STORM Christoph has hit us hard. I work at home in my attic in these miserable pandemic days, and for 48 unrelenting hours, Christoph hammered on the roof just above my head.

I looked out through the raindrops running down the skylight and could see nothing but a skyful of grey: sheet grey, steel grey, ship grey, dark grey, light grey, grey grey.

The world was engulfed in greyness. The River Tees ran by in a high fury of foam-flecked grey. There were road grey puddles by the kerbside and green-grey spills flooding off the fields.

But then, on Wednesday evening, in the sodden verge outside the front door, I spotted in the soil little pinpricks of luminous white. They hadn’t been there in the morning but were now so bright, I could almost hear them tinkling.

They are Candlemas bells, Mary's taper, snowpiercers, February fairmaids or dingle-dangles.

They are galanthus. They are snowdrops.

Indeed, so vivid are they that, in the days when toilets were outside, people planted them along the path so that in the grey gloaming of January there was a bright guide to the privy.

And I, as a snowdrop-fancier, am now a galanthophile.

Their name comes from the Greek 'gala' meaning 'milk' and 'anthos' meaning 'plant', and the big surprise is that despite their heroic efforts every year, pushing up through the iron frozen earth and then looking so pure as every passing car splashes them, they aren’t really native to this country and they don’t really like the north – they are unknown in Scandinavia and probably hail from the Black Sea area of Turkey.

They were first mentioned in a British garden in 1597, and nuns and monks regarded their whiteness as a symbol of purity, so they were probably first planted in churchyards.

They became widely popular during the 1850s when British soldiers fighting in the Crimea, in what is now Ukraine, were amazed at how they carpeted the landscape like a fall of snow. They called them “the flower of consolation”.

The Times’ war correspondent reported that “the soil, wherever a flower has the chance of springing up, pours forth multitudes of snowdrops”, and he noted that they were forcing their way up “through the crevices of piles of shot and peering out from under shells and heavy ordnance”. Little wonder my snowdrops didn’t bow their heads when under fire from Christoph’s bullets.

The galanthus plicatus in the Crimea had different, pleated leaves compared to the common galanthus nivalis back home, so the soldiers scooped some up as souvenirs or posted them home to their sweethearts.

The snowdrop became an emblem of the war – like the red poppy became the emblem of the First World War trenches – and suddenly every Victorian was a galanthophile. Plant collectors were sent out around the world to find new varieties, and now there are more than 2,000 types.
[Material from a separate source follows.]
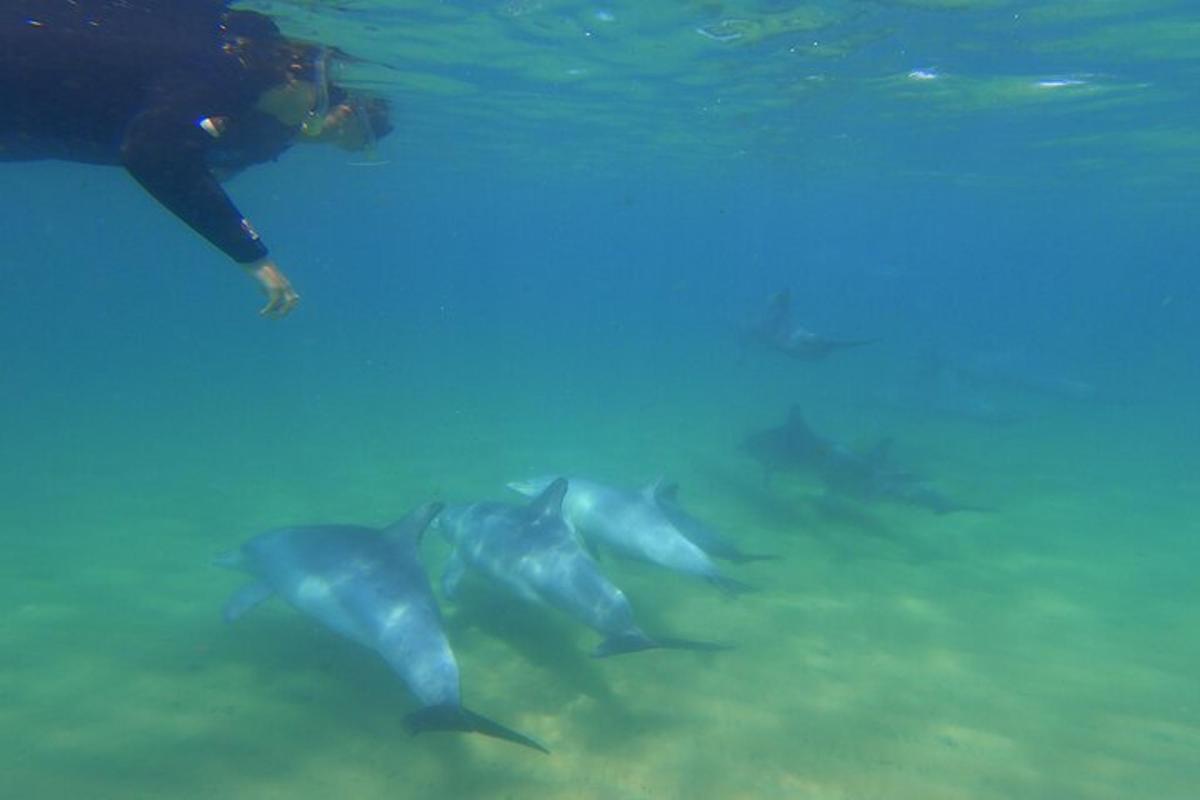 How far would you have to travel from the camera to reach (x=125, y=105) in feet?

The ones by my front door are just bog standard snowdrops, and, poor things, they really are standing in a bog.

The Romans believed that they were "stars brought down from heaven" and this year, perhaps more than ever, they are a sign of hope. The seasons are changing; the unremitting bleakness of the pandemic can, like Christoph’s clouds, be chased away and soon we will be able to say that the worst is surely behind us.